Data entries:
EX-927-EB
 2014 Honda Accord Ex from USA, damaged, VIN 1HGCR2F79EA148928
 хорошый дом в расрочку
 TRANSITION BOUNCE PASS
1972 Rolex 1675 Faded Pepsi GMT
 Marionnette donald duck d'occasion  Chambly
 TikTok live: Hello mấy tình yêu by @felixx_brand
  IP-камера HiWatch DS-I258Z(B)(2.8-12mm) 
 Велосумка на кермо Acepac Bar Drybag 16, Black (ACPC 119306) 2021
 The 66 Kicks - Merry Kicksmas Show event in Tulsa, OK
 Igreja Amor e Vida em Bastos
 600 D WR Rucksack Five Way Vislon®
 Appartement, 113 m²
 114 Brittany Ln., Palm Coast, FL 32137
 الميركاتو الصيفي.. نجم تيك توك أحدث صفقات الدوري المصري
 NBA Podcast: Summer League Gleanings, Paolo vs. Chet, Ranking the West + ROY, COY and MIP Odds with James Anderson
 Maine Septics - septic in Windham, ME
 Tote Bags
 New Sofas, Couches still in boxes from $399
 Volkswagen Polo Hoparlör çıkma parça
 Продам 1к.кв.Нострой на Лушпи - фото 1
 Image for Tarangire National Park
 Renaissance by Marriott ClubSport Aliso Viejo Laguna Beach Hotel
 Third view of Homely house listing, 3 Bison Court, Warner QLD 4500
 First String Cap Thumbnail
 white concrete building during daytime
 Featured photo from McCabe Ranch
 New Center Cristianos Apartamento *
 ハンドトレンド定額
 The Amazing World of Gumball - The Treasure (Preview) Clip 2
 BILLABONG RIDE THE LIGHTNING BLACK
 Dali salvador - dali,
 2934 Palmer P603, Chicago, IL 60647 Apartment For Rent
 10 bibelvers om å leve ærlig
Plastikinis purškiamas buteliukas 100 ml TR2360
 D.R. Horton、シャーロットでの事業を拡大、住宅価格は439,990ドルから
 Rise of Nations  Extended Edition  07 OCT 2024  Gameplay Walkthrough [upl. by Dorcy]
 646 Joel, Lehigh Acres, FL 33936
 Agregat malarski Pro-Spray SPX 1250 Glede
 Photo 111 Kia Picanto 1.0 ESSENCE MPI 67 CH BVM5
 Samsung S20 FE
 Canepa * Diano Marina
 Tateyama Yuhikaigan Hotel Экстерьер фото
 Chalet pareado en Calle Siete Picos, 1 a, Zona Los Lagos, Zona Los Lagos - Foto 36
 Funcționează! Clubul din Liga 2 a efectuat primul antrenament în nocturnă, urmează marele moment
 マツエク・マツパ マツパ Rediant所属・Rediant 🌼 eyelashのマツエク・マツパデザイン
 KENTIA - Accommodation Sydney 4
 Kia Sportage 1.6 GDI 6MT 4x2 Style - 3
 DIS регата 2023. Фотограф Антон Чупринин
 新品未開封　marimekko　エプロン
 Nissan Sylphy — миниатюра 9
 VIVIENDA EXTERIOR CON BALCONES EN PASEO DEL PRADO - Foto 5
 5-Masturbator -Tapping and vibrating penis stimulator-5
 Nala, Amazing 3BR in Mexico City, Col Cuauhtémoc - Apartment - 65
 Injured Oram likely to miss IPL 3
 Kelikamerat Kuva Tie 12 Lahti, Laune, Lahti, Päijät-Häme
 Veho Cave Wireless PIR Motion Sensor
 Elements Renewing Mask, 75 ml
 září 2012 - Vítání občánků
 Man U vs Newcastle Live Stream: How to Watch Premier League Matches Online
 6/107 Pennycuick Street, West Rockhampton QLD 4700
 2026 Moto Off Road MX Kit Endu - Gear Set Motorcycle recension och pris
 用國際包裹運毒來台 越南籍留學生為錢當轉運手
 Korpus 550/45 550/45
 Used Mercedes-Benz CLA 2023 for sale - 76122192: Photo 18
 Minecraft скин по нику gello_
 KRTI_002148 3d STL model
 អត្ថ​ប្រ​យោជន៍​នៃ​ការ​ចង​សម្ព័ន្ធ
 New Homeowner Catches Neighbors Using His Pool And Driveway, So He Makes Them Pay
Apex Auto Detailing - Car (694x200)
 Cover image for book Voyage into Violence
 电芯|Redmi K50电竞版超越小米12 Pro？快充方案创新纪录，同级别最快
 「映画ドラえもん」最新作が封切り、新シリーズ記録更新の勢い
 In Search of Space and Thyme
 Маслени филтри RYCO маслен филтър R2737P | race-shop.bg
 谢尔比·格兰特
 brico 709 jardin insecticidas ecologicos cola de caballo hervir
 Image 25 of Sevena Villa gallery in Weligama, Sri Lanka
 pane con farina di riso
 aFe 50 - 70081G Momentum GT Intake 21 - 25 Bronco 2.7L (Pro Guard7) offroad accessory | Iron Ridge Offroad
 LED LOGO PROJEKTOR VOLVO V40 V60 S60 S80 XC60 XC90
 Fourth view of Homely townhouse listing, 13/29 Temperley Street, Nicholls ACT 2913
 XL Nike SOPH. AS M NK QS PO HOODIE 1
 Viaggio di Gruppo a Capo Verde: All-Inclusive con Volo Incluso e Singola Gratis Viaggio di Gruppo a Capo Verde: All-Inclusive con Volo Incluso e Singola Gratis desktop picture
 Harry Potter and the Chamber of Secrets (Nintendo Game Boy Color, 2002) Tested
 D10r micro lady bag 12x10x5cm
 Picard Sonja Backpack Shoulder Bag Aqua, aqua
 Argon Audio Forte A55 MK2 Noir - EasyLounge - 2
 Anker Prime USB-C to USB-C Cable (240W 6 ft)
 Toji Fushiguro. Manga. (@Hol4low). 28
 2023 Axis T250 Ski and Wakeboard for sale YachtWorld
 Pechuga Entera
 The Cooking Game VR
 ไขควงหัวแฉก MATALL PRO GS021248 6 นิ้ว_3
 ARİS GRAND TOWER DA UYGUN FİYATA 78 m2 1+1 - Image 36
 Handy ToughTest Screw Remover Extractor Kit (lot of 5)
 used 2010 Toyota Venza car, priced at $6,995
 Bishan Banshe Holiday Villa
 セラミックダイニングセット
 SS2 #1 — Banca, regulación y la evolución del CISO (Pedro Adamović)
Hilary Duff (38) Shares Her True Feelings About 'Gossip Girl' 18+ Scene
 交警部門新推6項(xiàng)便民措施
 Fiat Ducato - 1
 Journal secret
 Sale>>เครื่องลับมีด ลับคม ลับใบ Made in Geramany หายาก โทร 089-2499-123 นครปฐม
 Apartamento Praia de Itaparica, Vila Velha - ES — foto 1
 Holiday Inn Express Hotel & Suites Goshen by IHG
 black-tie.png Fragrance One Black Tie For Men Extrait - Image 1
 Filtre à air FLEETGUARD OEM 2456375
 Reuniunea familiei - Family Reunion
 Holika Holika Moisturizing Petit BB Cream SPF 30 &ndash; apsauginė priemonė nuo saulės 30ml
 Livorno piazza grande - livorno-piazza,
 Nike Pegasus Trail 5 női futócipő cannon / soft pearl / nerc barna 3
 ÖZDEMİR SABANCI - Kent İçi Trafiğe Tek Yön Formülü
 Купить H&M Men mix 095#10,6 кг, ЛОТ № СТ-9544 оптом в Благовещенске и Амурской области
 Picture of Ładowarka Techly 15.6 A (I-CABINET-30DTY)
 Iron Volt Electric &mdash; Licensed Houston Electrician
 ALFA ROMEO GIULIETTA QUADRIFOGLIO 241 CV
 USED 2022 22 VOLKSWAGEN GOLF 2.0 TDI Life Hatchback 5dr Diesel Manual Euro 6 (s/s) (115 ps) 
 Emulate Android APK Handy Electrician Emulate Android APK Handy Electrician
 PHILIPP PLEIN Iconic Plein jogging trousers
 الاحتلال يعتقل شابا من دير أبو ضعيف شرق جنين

--- EXERCISE DIRECTIONS ---
Check each line of the records above for the word "West", then give the number of lines that have it, with no other words.

--- RESULT OF THE EXERCISE ---
2